Kemelut itu kemudian membawa perubahan sikap Nahdlatul Ulama terhadap PPP. NU, salah satu unsur dari fusi partai-partai Islam di PPP, dalam Muktamar di Situbondo 1984, akhirnya memutuskan keluar dari partai ini. Padahal, nahdhiyin merupakan penopang utama perolehan suara PPP pada setiap pemilu.
Setelah NU cabut dari PPP, hasil perolehan suara partai ini pada Pemilu 1987 memang merosot seperti dugaan sebelumnya. Partai tersebut hanya mendulang sekitar 13,7 juta suara atau anjlok 34,4 persen dibanding Pemilu 1982 yang menangguk 20,87 juta suara.
Konflik berlanjut setelah Indonesia memasuki zaman Reformasi. Ketua Umum Suryadharma Ali yang pada 2014 tersangkut perkara korupsi, kemudian menimbulkan kekosongan pemimpin. Kondisi ini lalu memunculkan dua kubu untuk menggantikannya, yang sama-sama menggunakan jalur muktamar.
Muktamar di Surabaya pada Oktober 2014 menetapkan M. Romahurmuziy (Romy) sebagai Ketua Umum PPP, sebulan kemudian Djan Faridz, melalui muktamar di Jakarta, ditunjuk sebagai ketua umum. Ketika Romy tersandung kasus korupsi, muktamar di Makassar pada 2020 memilih Suharso Monoarfa sebagai ketua umum.
Namun, konflik internal belum berakhir di sini. Kepemimpinan Suharso yang dianggap kurang progresif untuk meningkatkan perolehan suara PPP pada Pemilu 2024, menjadi salah satu alasan untuk menurunkannya.

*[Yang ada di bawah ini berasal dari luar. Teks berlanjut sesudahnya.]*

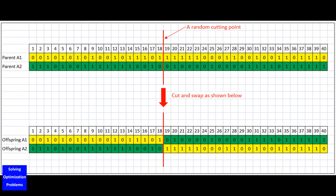Here is the working principle of a simple one cutting point crossover in genetic algorithm. Basically, this is just a process of cut and swap, as illustrated in this figure. Please keep in mind that these two parent chromosomes are randomly selected. Now, let's see how we implement this crossover in MATLAB.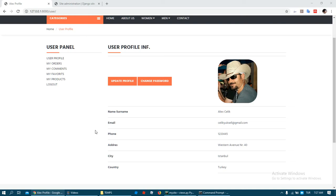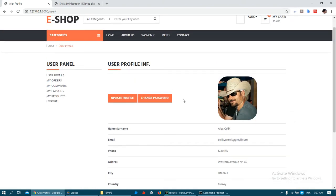Hi everyone, welcome to my Django e-commerce project again. In this video I want to continue to update something about our user. The second thing I want to show you is how you can update user password in this panel.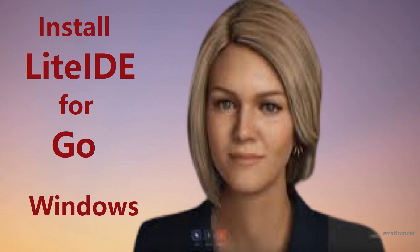Hi everyone, welcome to our channel. Today we are going to install LiteIDE, a free Go IDE that provides a good development environment for Golang. Let's start with LiteIDE installation.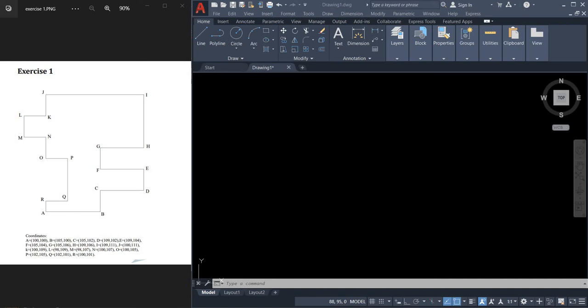Hi everyone, welcome to CADTECH, your simple AutoCAD tutorial. For today's tutorial, we will be making the exercise shown in my lab using coordinates and line command.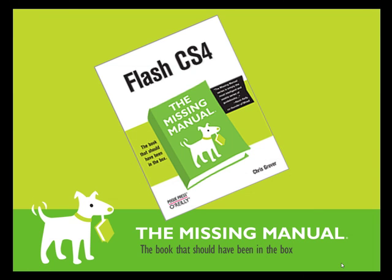So thanks for watching. You'll find lots of details about motion tweens, motion presets, and the motion editor between the covers of Flash CS4, the missing manual. So go ahead and take a look.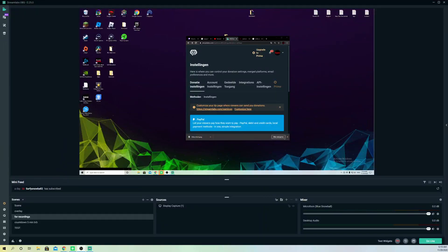Hello guys, today I'm going to show you how you can go ahead and add your credit card or debit card into your StreamLabs OBS so you can receive donations and stuff like that.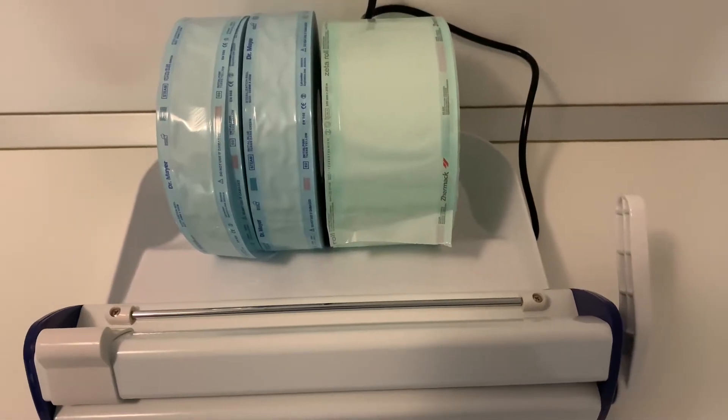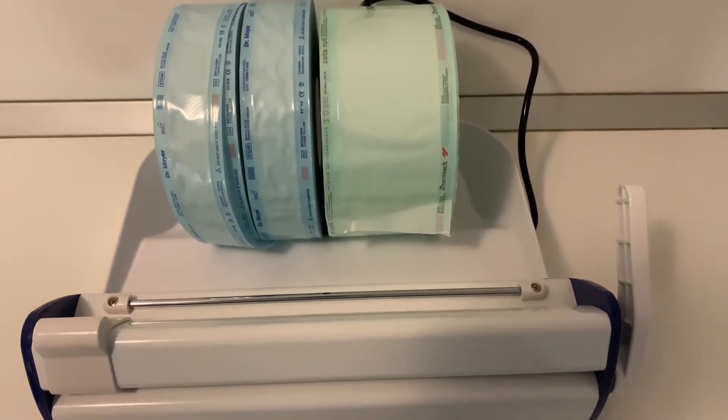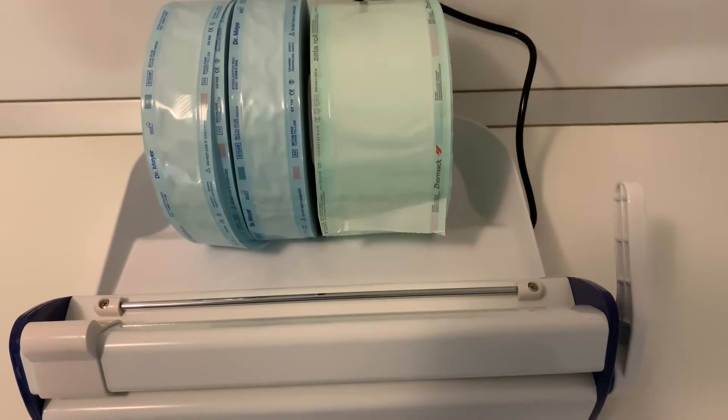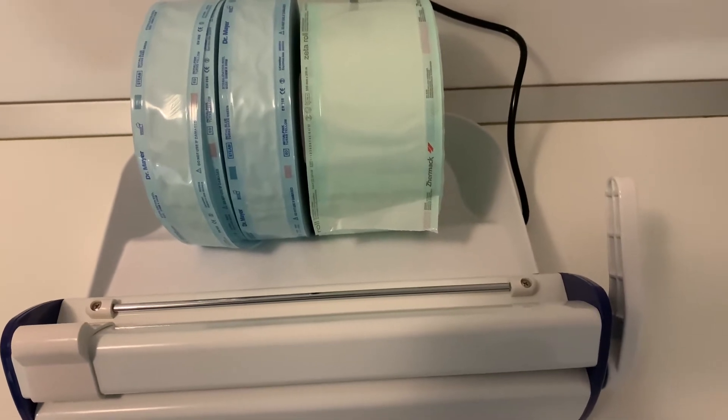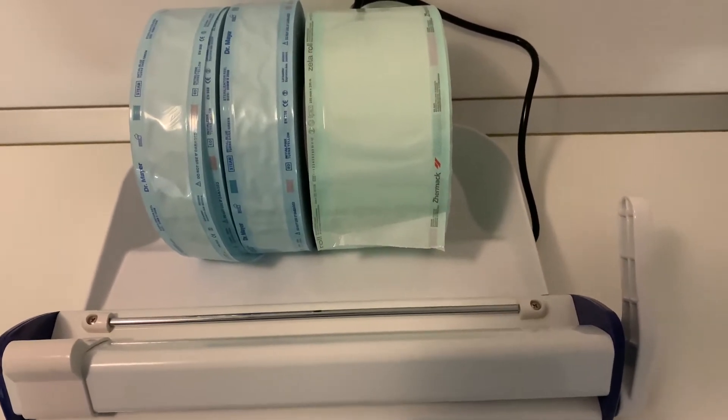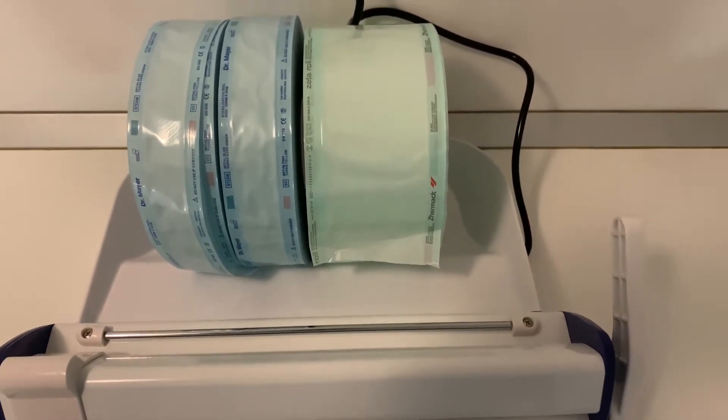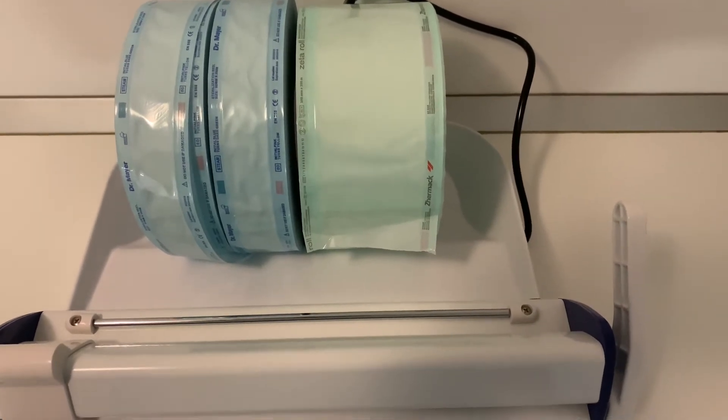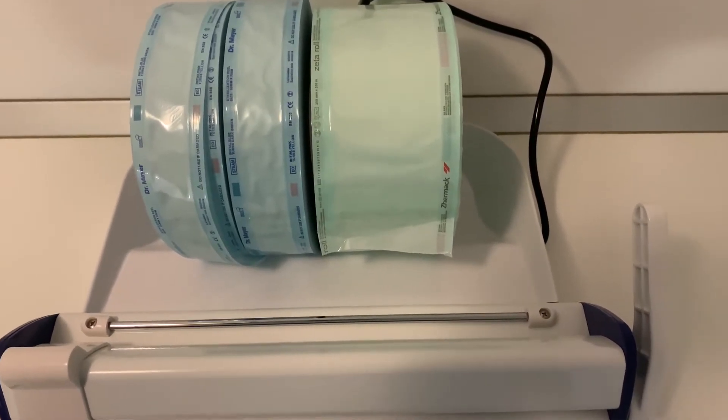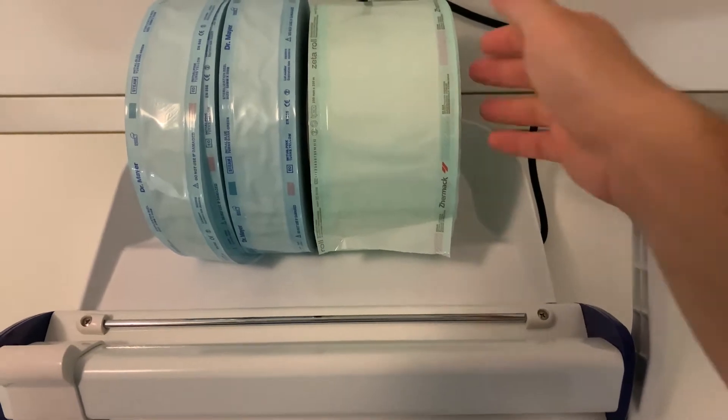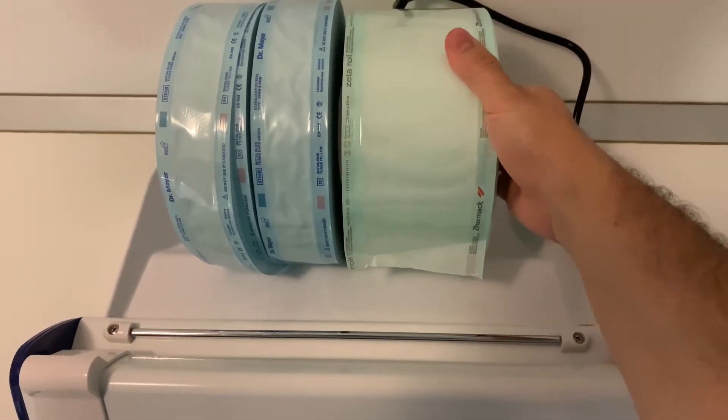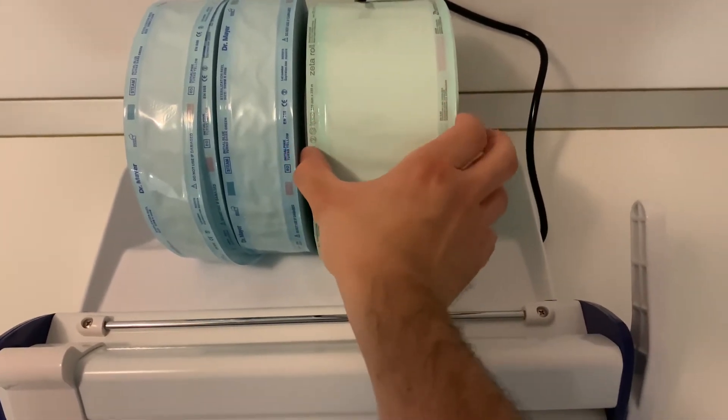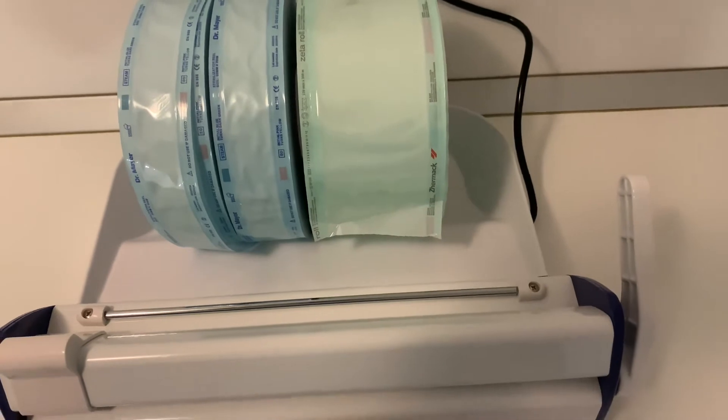This is a short presentation of the Cermak sterilization pouches in the form of a roll. They are called Zeta Roll. This is the 10 centimeter width version.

Momentum itu akhirnya tiba ketika Suharso melakukan blunder dalam kasus ucapan “amplop kiai” yang dianggap meresahkan kalangan kiai dan nahdhiyin, yang merupakan penyokong penting perolehan suara PPP pada setiap pemilu.

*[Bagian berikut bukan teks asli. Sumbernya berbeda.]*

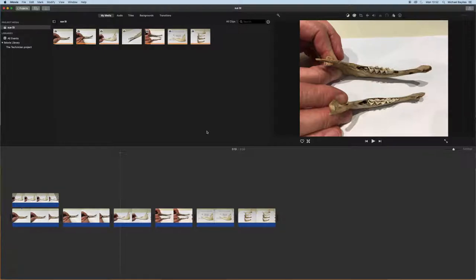We're going to start off our project today within iMovie and as you can see I have several files imported into my timeline.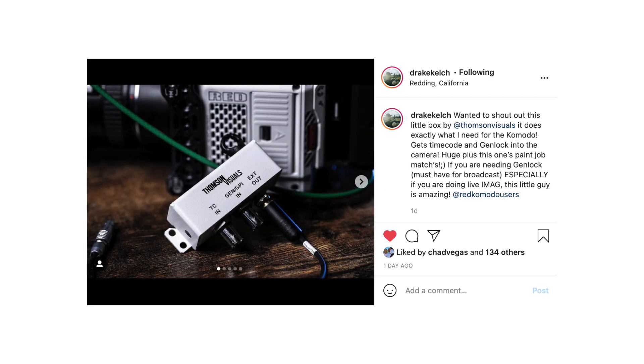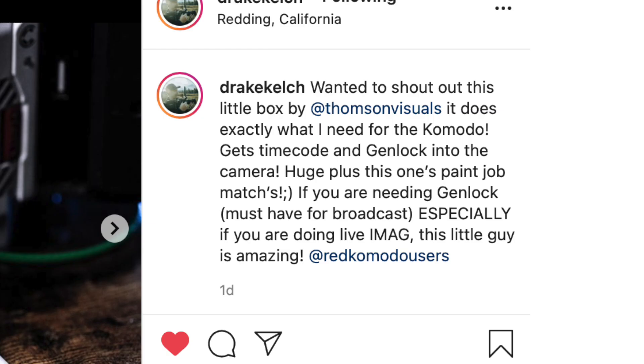Do you need genlock? While genlock is useful for synchronizing broadcast systems, not every camera can support it. If your cameras can receive a sync signal, whether it's blackburst or tri-level, it's generally a good idea to opt for this over frame synchronization. That said, nearly every device will support frame sync.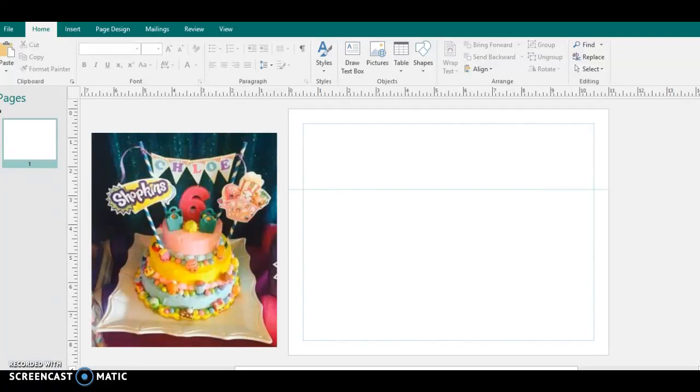Hey everybody, welcome back to DevoStyles. In this video, I'm pretty much going to be showing you a Shopkins themed cake, what are those? Cake toppers.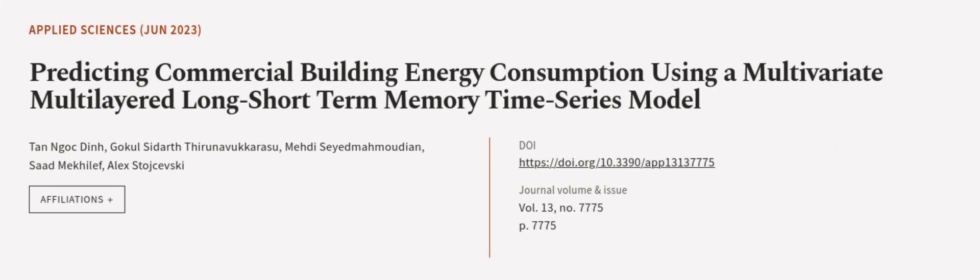This article was authored by Tan Noc Din, Gokul Siddharth Thirin Vukursu, Mehdi Sidh Mamoudian, and others. We're article.tv, links in the description below.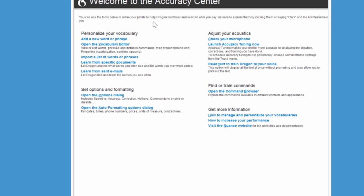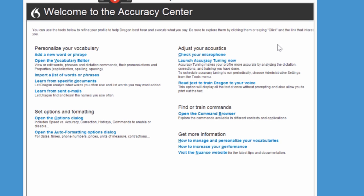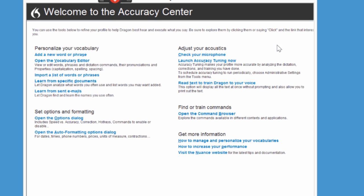The first set of tools are about personalizing Dragon and personalizing your vocabulary — make sure Dragon knows all the words that you choose to use, even if they don't happen to be in the dictionary. The second is about making sure Dragon formats things the way you expect to see them. The third is about making sure that Dragon understands and can hear you correctly.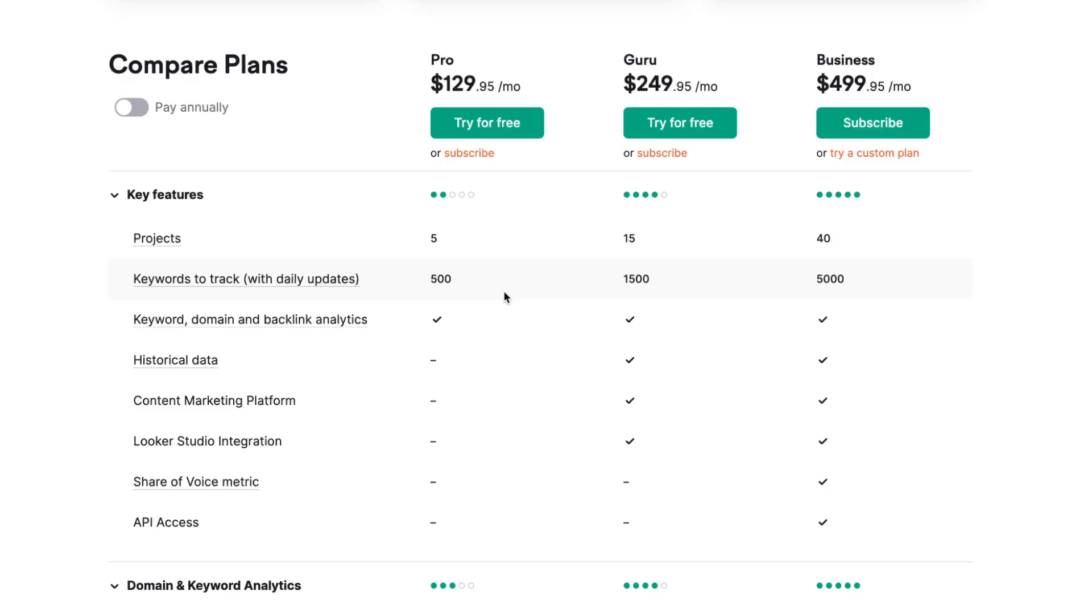I think the best way is to start with Pro and then upgrade to Guru if necessary. Hope this video helped you out. Leave a like, subscribe, goodbye.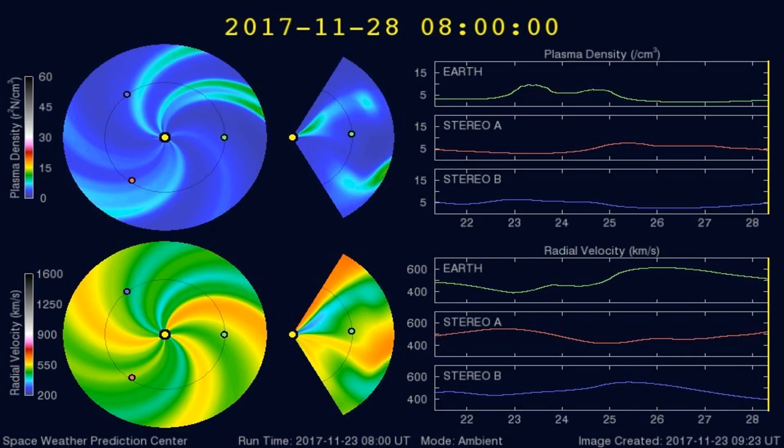Here's a graph of the plasma densities striking the Earth in the past 5 days or so. Any increases in plasma densities often cause larger earthquakes.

Meski Suharso sudah meminta maaf, dorongan untuk mengganti dia sudah mencapai puncaknya. Melalui mukernas di Serang pada 4 September 2022, Suharso digusur, digantikan oleh Muhamad Mardiono, sesepuh partai yang ditunjuk sebagai Pelaksana Ketua Umum PPP.
Suharso memang melakukan perlawanan, namun 5 hari setelah mukernas, Kementerian Hukum dan HAM pada 9 September 2022 menerbitkan surat keputusan pengesahan Mardiono sebagai Pelaksana Ketum PPP. Mardiono sebelumnya merupakan anggota Dewan Pertimbangan Presiden.
Mardiono memikul amanah besar untuk menyelamatkan PPP agar perolehan suara partai ini mampu melampaui ambang batas parlemen. Ini tugas dan tanggung jawab yang menantang bagi Mardiono di tengah keterbatasan waktu untuk berlaga pada Pemilu 2024.
Basis suara
Jawa sejauh ini memang masih menjadi andalan PPP untuk mendulang suara, terutama di Jawa Tengah dan Jawa Timur. Meskipun belum pernah menjadi pemenang pemilu, pada zaman Orba, PPP pernah menjadi kompetitor Golkar, partai penguasa (the ruling party) kala itu.
Pada Pemilu 1997, yang dinilai sejumlah kalangan tidak berlangsung demokratis, PPP berhasil menjadi pemenang di Provinsi Aceh dan DKI Jakarta. Pencapaian tersebut rasanya sulit terulang seiring dengan mengecambahnya partai-partai baru pasca-Reformasi. Partai-partai baru tersebut memiliki basis suara tradisional yang beririsan dengan PPP, seperti PKB, PAN, dan PBB.
Bahkan partai-partai berbasis massa Islam belum pernah masuk dua besar sejak Pemilu 1999. Perolehan suara mereka, berdasarkan basis dukungan tradisional, tersebar di partai-partai menengah kecil. Mereka saling berebut pemilih di basis yang sama, sementara itu sejumlah partai nasionalis kian agresif menggalang dukungan dari kantong-kantong suara mereka.